▶ **Goal of the exercise**
What you return must match the listing below exactly, minus any pictures.

▶ **Dataset extract**
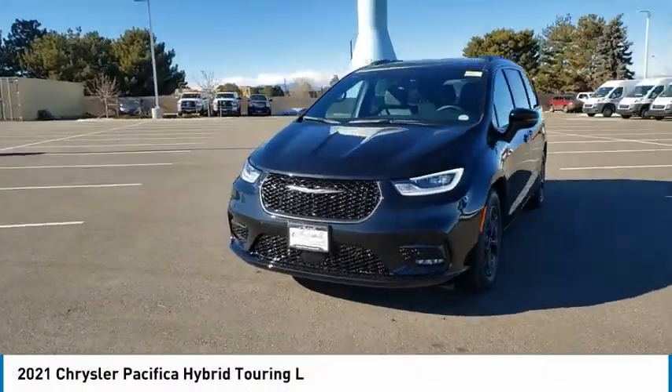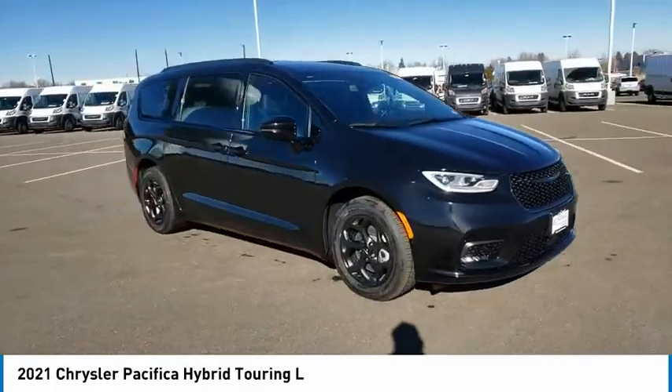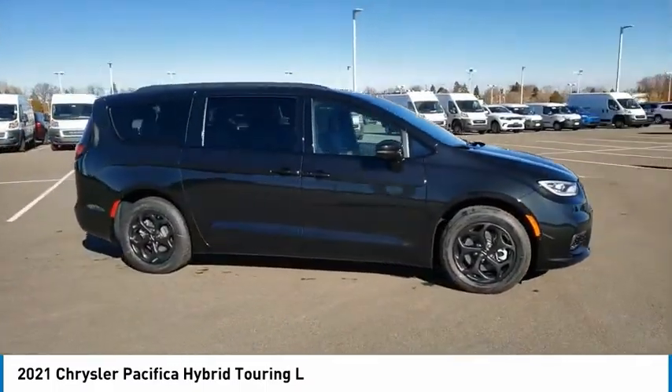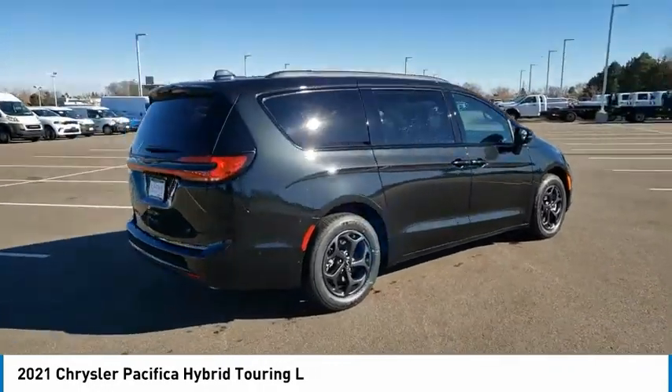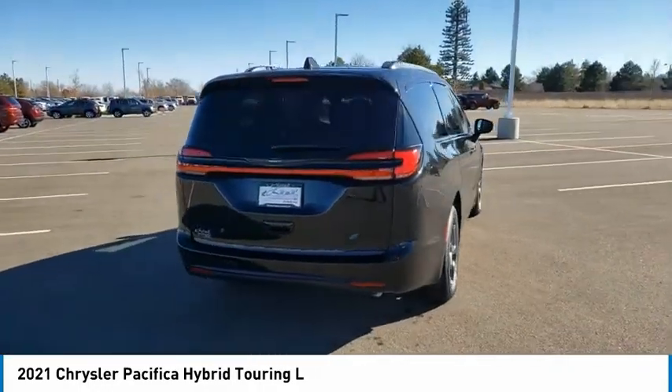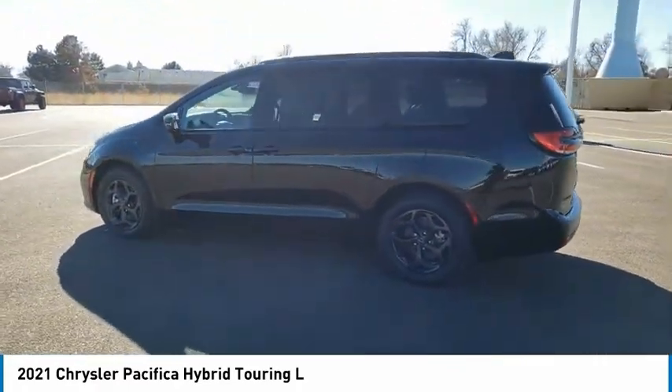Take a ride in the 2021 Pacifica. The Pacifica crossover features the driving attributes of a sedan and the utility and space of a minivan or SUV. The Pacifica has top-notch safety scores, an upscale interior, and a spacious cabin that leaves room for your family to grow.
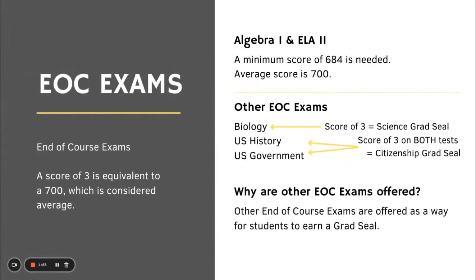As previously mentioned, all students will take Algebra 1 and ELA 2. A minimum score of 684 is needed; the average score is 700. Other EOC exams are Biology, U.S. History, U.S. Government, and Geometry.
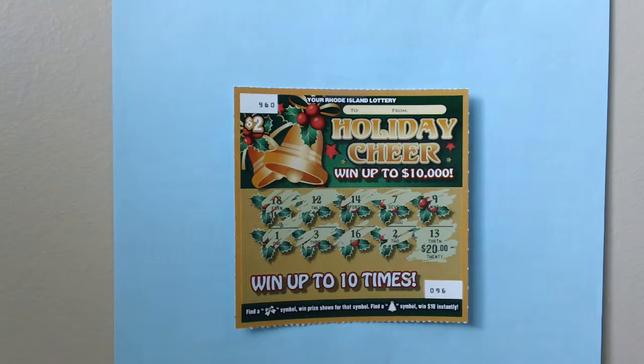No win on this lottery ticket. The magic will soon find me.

▶ **Answer space**
Take a ride in the 2021 Pacifica. The Pacifica crossover features the driving attributes of a sedan and the utility and space of a minivan or SUV. The Pacifica has top-notch safety scores, an upscale interior, and a spacious cabin that leaves room for your family to grow.
As previously mentioned, all students will take Algebra 1 and ELA 2. A minimum score of 684 is needed; the average score is 700. Other EOC exams are Biology, U.S. History, U.S. Government, and Geometry.
No win on this lottery ticket. The magic will soon find me.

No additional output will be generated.